[What to work on] Your output should be the complete listing, word for word, with no pictures in it.

[Given material]
== Segment start ==
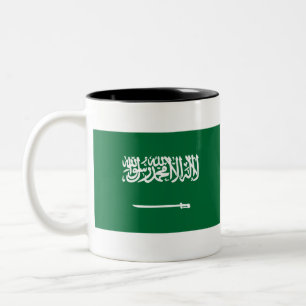 Saudi Arabia Flag Two-Tone Coffee Mug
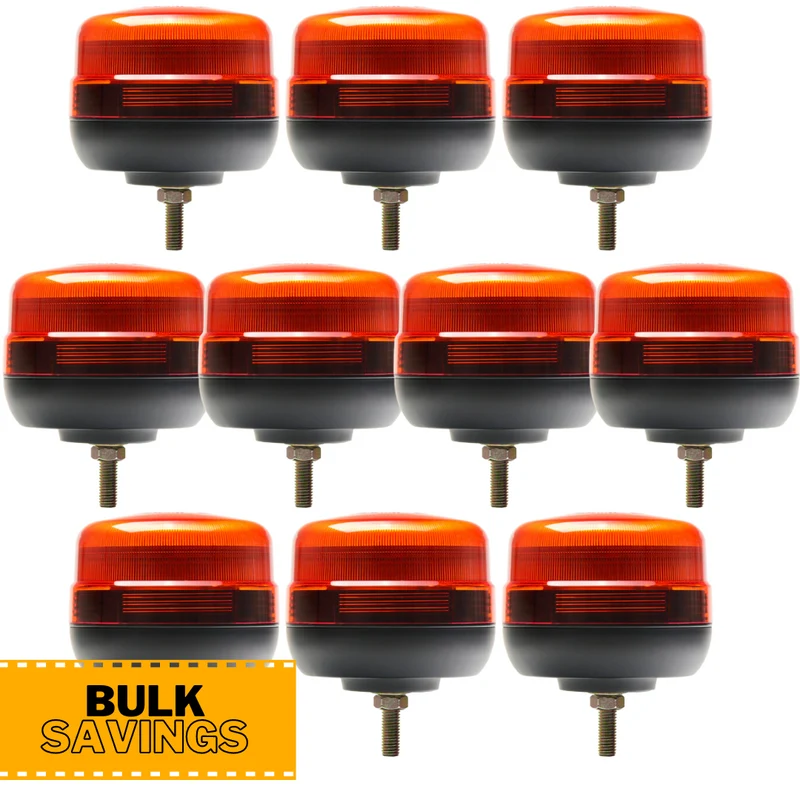 Confezione multipla di lampeggianti a LED Torlok Compact con fissaggio a bullone singolo / Confezione da 10 pezzi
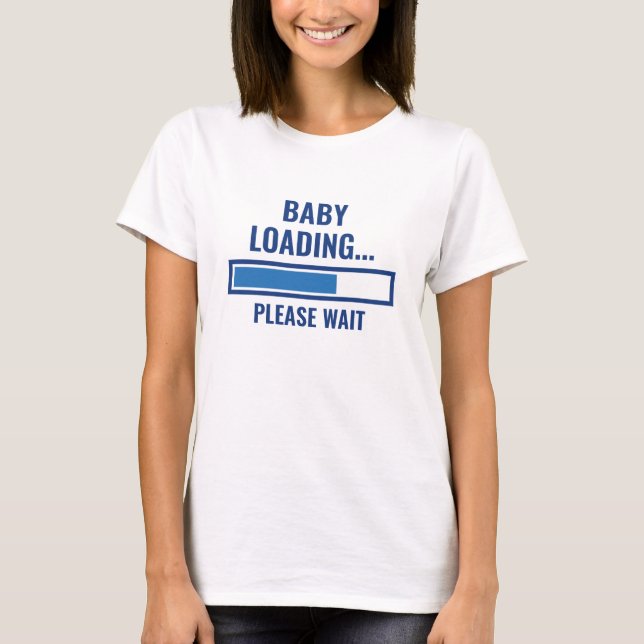 Baby Loading Maternity T-Shirt (Front)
== Segment end ==
[Completed exercise]
 Saudi Arabia Flag Two-Tone Coffee Mug
 Confezione multipla di lampeggianti a LED Torlok Compact con fissaggio a bullone singolo / Confezione da 10 pezzi
 Baby Loading Maternity T-Shirt (Front)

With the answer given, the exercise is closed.